Exercise description: In the entries below, find the line with "ZBB2449 South Dakota License Plate" and the line with "Big cross gold necklace". Print those two and everything between them exactly, and nothing else.

The input:
Content starts

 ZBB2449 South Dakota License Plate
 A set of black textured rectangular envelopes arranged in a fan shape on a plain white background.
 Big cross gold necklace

Content ends
Content starts

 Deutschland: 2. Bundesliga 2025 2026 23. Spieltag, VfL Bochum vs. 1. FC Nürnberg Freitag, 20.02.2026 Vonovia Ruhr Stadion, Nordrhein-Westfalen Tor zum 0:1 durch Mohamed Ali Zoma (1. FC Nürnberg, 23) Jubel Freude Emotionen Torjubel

Content ends
Content starts

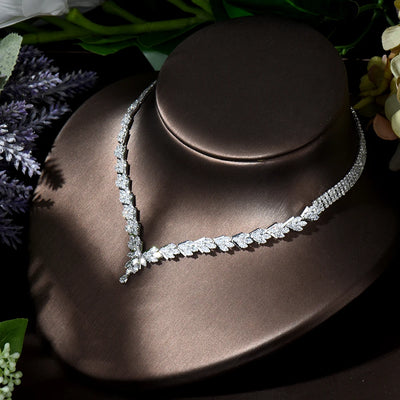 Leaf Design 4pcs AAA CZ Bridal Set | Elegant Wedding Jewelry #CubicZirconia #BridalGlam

Content ends

Output of the exercise:
 ZBB2449 South Dakota License Plate
 A set of black textured rectangular envelopes arranged in a fan shape on a plain white background.
 Big cross gold necklace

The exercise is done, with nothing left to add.